Negative impacts are also seen in developing countries when PESPs have deprived or reduced the rights of poor landholders and/or non-participants to access and use natural resources, thereby affecting traditional lifeways, cultural values and social identities. For example, in a PES scheme implemented in Pimampiro, Ecuador between 2000 and 2001, Rodríguez de Francisco et al. (2013) shared that the “PES scheme reinforces existing social differences, erodes community organization, undermines traditional farming practices, and perpetuates inequalities in resource access in the ‘‘working’’ landscape inhabited by the upstream peasant community paid for watershed management”… and then explained that “PES schemes are thus not neutral initiatives imposed upon blank canvases, but intersect with existing development trajectories and power relations” (Rodríguez de Francisco et al., 2013, p.1217).

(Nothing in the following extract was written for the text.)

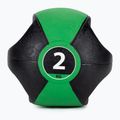 Pure2Improve 2kg grüner Medizinball mit Griffen P2I201980 2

The case studies show that PESPs, in practice, can bring some environmental benefits, such as maintaining the existing communal forest cover in Pimampiro (Rodríguez de Francisco et al., 2013), or greening the participants’ barren upland in Changting through the cultivation of orchards (Wang et al., 2017). In addition, some economic goals of PESPs can be achieved, at least for participants, such as increase in their income (Rodríguez de Francisco et al., 2013; Wang et al., 2017). Nevertheless, we also see some negative effects caused by PESPs (Rodríguez de Francisco et al., 2013; Wang et al., 2017). PESPs have the potential to negatively affect community incomes and/or their use of ES (such as the SLCP in Changting for non-participants) when compared to conditions existing before the implementation of PESPs (Wang et al., 2017). Amongst unintended consequences, PESPs can sometimes lead to increased illegal deforestation in non-PES areas—one of the main causes of natural resource loss. “PES contracts are often established on low-value lands unlikely to be converted to other uses—and leakage—that avoided deforestation in the PES area leads to increased logging in other areas” (Salzman et al., 2018a, p.221). PESPs may also provoke or escalate conflicts (especially in unequal resource allocations or with inequities in social power structures). PESPs can increase economic and political disparities between participants and non-participants, between ES sellers and ES buyers and between “external actors and members of the peasant community” (Rodríguez de Francisco et al., 2013). These social conflicts lead to significant resource depletion, which obviously not only negatively impacts current social and environmental sustainability, but also causes negative consequences for the availability of natural resources for future generations.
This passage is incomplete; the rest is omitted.